• REQUIRED WORK: When you reach the line containing "Усольчанин сал победителем", begin copying exactly, and keep going through the last line of the records below, copying nothing before it.

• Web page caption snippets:
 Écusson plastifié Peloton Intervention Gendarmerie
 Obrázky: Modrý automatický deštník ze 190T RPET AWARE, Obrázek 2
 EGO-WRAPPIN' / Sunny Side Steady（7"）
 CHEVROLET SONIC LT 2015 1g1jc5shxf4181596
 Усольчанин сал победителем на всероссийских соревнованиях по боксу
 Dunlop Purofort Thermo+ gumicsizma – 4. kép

• WRITTEN ANSWER:
 Усольчанин сал победителем на всероссийских соревнованиях по боксу
 Dunlop Purofort Thermo+ gumicsizma – 4. kép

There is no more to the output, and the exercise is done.